Research

Transforming Heart Regeneration & Drug Discovery

Translational Research of Cardiomyopathy and Heart Failure

Approximately 7 million Americans over the age of 20 suffer from heart failure, which can result from ischemic heart disease, cardiomyopathy, high blood pressure, and other conditions. The prevalence of heart failure continues to rise and is expected to reach 8.5 million by 2030, primarily due to the lack of effective treatment options in clinics.

Project Goals: Understand the molecular mechanisms underlying heart failure and develop potential treatments using genetic and chemical approaches. We aim to Investigate the impact of various stresses on cardiomyocyte contractility and viability and explore the efficacy of metabolic modulators or gene therapies to restore normal cardiac function.

  • Approach:
    • hiPSC Models: Generate cardiomyocytes and engineered heart tissue from patients to study stress and its effects on heart cells.
    • Mouse Models: Use genetically modified mice to replicate cardiomyopathy/heart failure and test interventions.

Cardiac Development and Heart Regeneration

Down syndrome (DS) caused by triplication of chromosome 21 affects 1 in 700 live births. Studies suggest that around 40-50% of people with Down syndrome are affected by some form of congenital heart defect. These can range from relatively mild issues to more severe conditions.

Project Goals: Investigate how Down syndrome (DS) affects heart development and function. DS is associated with congenital heart defects (CHDs) such as atrioventricular septal defects and ventricular septal defects. We aim to identify novel therapeutic targets or drug repurposing strategies to correct or mitigate heart defects in DS and explore the role of specific genes or gene networks (e.g., DYRK1A) in heart development and disease.

  • Approach:
    • hiPSC Models: Derive cardiomyocytes from DS-hiPSCs to model heart defects and study how trisomy 21 influences cardiogenesis at the cellular level.
    • Mouse Models: Use mouse models with trisomy 21 or gene editing to investigate DS-specific heart defects and their molecular mechanisms.

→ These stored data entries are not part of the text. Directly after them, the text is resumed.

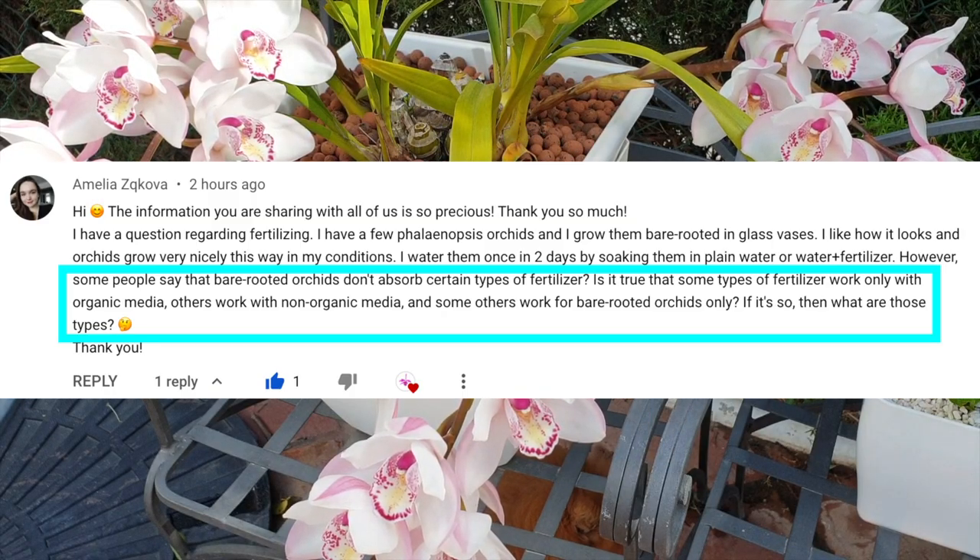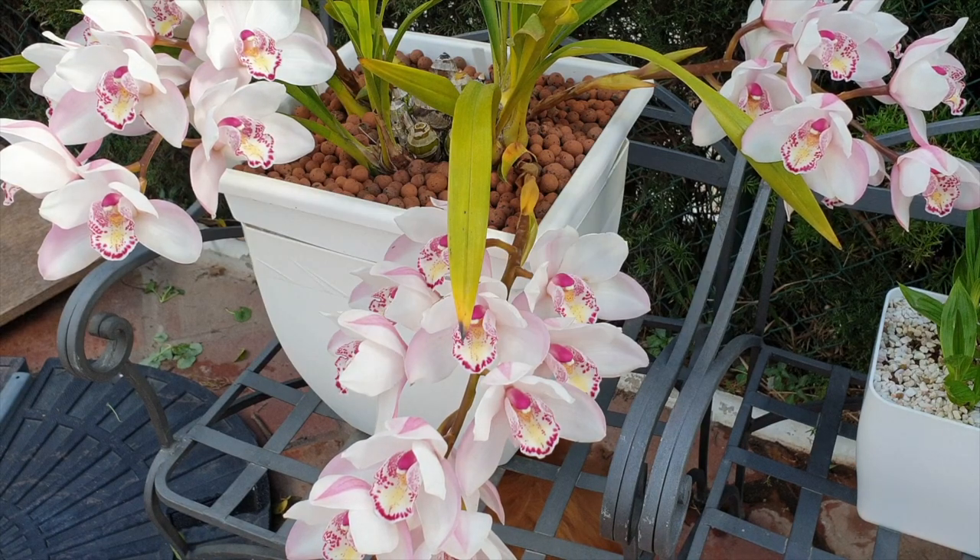Amelia Skova had a question about whether bare-rooted orchids do not absorb some form of fertilizer. Right off the top of my head, the only thing I can really think of is the form of nitrogen that would not be absorbed if growing bare root, and that is the nitrogen in urea form.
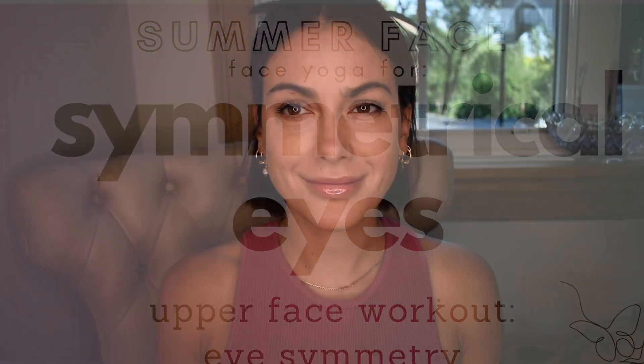Welcome to face yoga for symmetrical eyes. I want to preface this video by saying asymmetrical eyes are beautiful — we're humans, not robots, so the wrinkles and the life we live on our face is beautiful. Face yoga is fun, it feels good, and it makes you look good, but let's always remember we're perfect just the way we are.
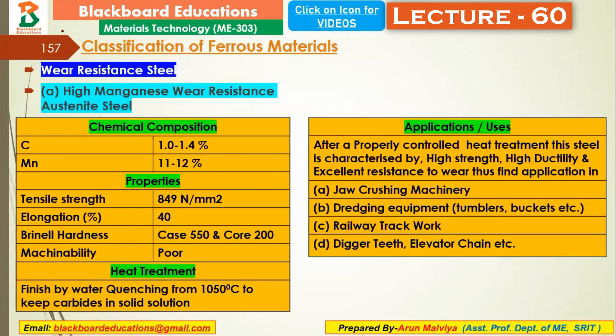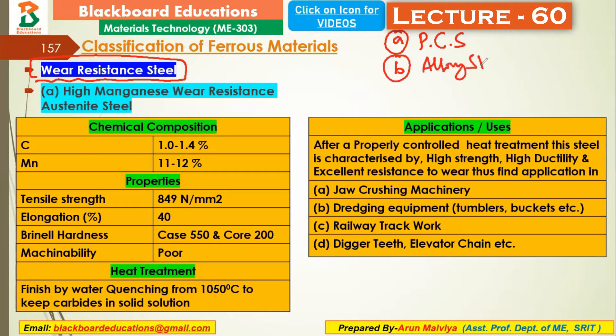Now the next is wear resistance steel. This is our special category of steel — our third number of steel. The first number of steel was plain carbon steel, the second was alloy steel, and the third classification is wear resistance steel.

Cardiac regeneration: Adult mammalian hearts cannot sufficiently regenerate the myocardium and restore cardiac function after stress, such as myocardial infarction. Promoting cardiomyocyte proliferation holds promise for heart regeneration. Signaling pathways that facilitate cardiomyocyte proliferation are active during heart development but become relatively inactive in the adult heart. Understanding cardiac cell fate commitment and expansion, cell positioning, and morphogenesis during heart development could provide insights into designing strategies for heart regeneration

Project Goals: Uncover the factors that determine whether cardiomyocytes proliferate, differentiate, or undergo apoptosis, and leverage this understanding for heart regeneration. We aim to identify key regulators of cardiomyocyte cell fate commitment, cell cycle progression, and survival and develop strategies to enhance the regenerative capacity of the heart by manipulating signaling pathways or gene expression.

  • Approach:
    • hiPSC Models: Study how different conditions or genetic modifications influence the ability of hiPSC-derived cardiomyocytes and tissues to regenerate.
    • Mouse Models: Investigate the role of specific genes or signaling pathways in the repopulation of cardiomyocytes.
    • Gene Editing: Use CRISPR/Cas9 or other techniques to dissect the genes' function in cell fate decisions.